Monitoring islet engraftment: Islet Tx can induce transient insulin independence. The fate of infused islets is not clear. Post Tx monitoring of islets may provide enough data about accuracy of infusion, success rate of engraftment, and Tx islet longevity. Scanning with PET + CT provide clearing islet survival and distribution after Tx. This manoeuvre may be useful to evaluate alternate locations of implantation or providing better plans for intrahepatic Tx.
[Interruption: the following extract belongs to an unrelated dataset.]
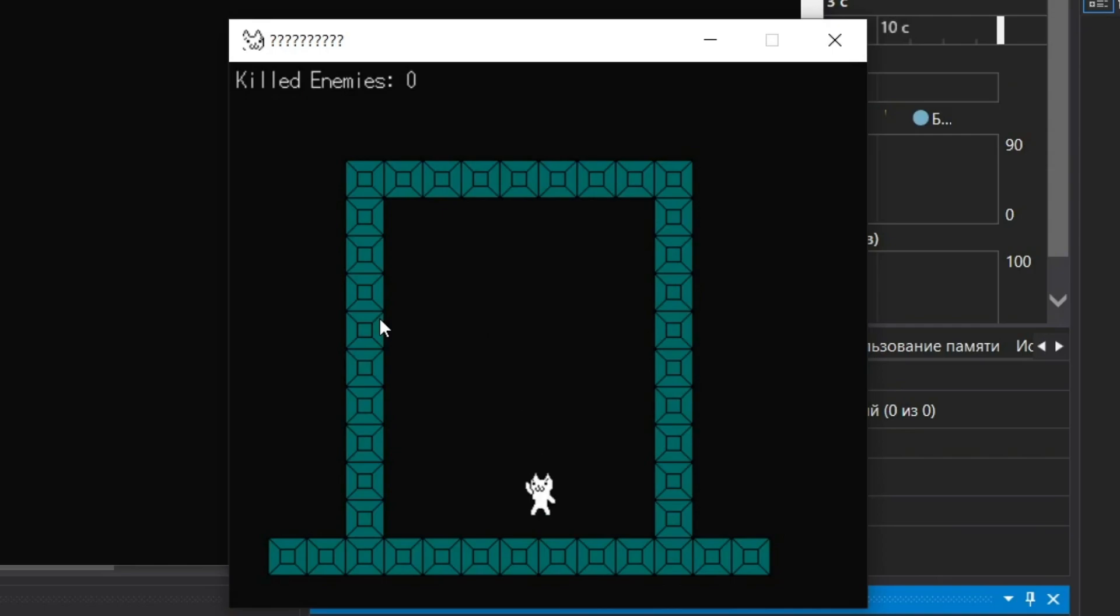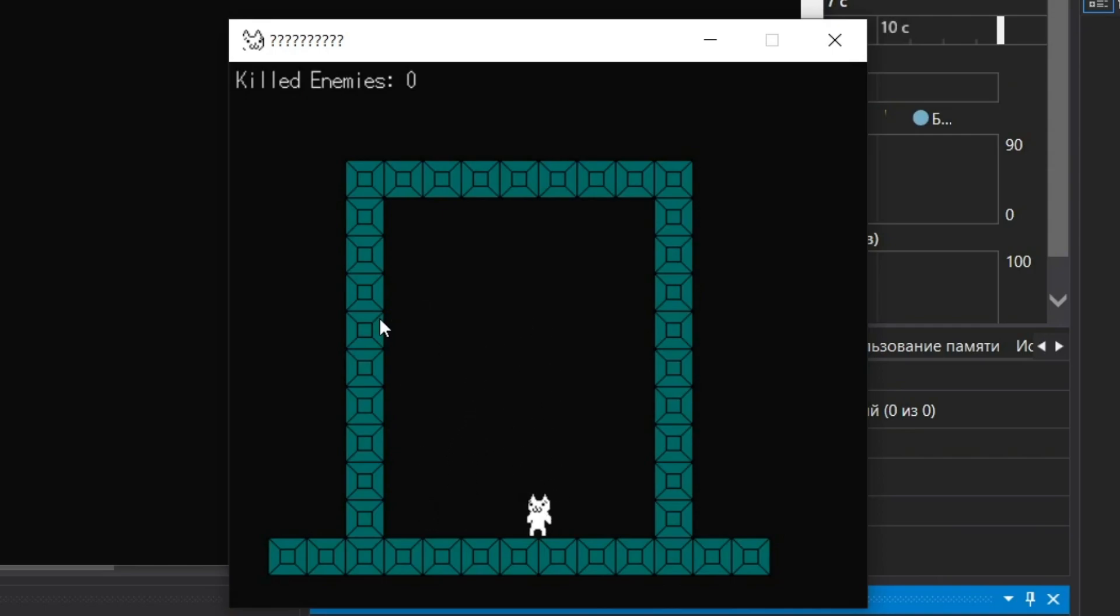After that, I started to add more enemies and waves system. And also fixed the bug when counter wasn't working.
MRI, if combined with Mgcp, may be beneficial for monitoring islet cell survival. Mgcp is a technique providing immunoisolation + MRI tracking of the grafted cells. Animal studies: islets incorporation into Mgcp with intraperitoneal infusion were shown to be functioning. Animal studies: Mgcp infused into PV via real-time MRI monitoring can be visualized as hypointense areas within the liver that can be traced to estimate graft longevity. Human studies: lab measuring of beta cell mass before islet implants correlated greatly to tools of insulin secretory reservoir after Tx via glucose triggering of arginine-induced insulin production.
Chronic pancreatitis: Common complications of chronic pancreatitis may include intense chronic abdominal pain, lost weight, diarrhoea, poor quality of life, and narcotic abuse. Inflammatory process of acinar cells may extend to involve the endocrine function, so, progressive damage of the islets of Langerhans may ensue leading to DM. The course of inflammation can be ameliorated by multiple pancreatic duct stenting and/or partial pancreatectomy. “Total pancreatectomy” may be suggested for pain relief that immediately resulted in total insulin-dependent DM. In the 1980s, surgeons (Univ. of Minnesota) suggested that the removed pancreas could be used for islet isolation/implantation into the liver (auto-islet Tx) that could prevent DM. Fortunately, auto-islet Tx does not require im/m administration.
Metabolic outcomes
[1] Insulin independence: In contrary to most early reports of Tx of islet grafts in Dcs, islet autograft Tx has been successful in non-diabetic adults & children with chronic painful pancreatitis. So many islet autograft TR achieved normoglycemia with normal serum insulin response to oral/IV glucose as well as IV arginine after Tx. This impact can persist for years after Tx. Series: 10-14 ptns received > 300,000 islets were insulin independent 2 y.s after Tx that was also supported by another series with much larger number of TR. Assessment of beta cell function after TPIAT has been observed to be like normal subjects when the secretory data are normalized to the number of Tx islets. Difference in outcome can be clarified as follows:
o Freshly isolated islets (within 3-4 h.s of pancreatic resection) opposing to the prolonged duration required to collect islets from human donors.
o Lack of autoimmune activity destructing beta cell, as in type 1 DM
o No im/m agents are currently required that is usually toxic to beta cells
[2] Hypoglycaemia (HG): Ptns undergoing TPIAT frequently experienced episodes of HG with exercise & meals. One study: lack of glucagon response with insulin clamp + HG, as was earlier observed in type 1 Dc TR of alloislet Tx. Lack of glucagon response was not seen in a subgroup of TR whose auto-islets were implanted into both intrahepatic & non-hepatic locations. The postulated mechanism of failed intra-hepatic islets to provide glucagon with HG may be attributed to the intrahepatic glycogenolysis with release of free glucose intra-hepatically inhibiting intrahepatic islet glucagon release. Subsequent reports: on intrahepatic auto-islet TR, no rise in endogenous glucose secretion with moderate exercise, and absence of the glucagon response during post-prandial HG.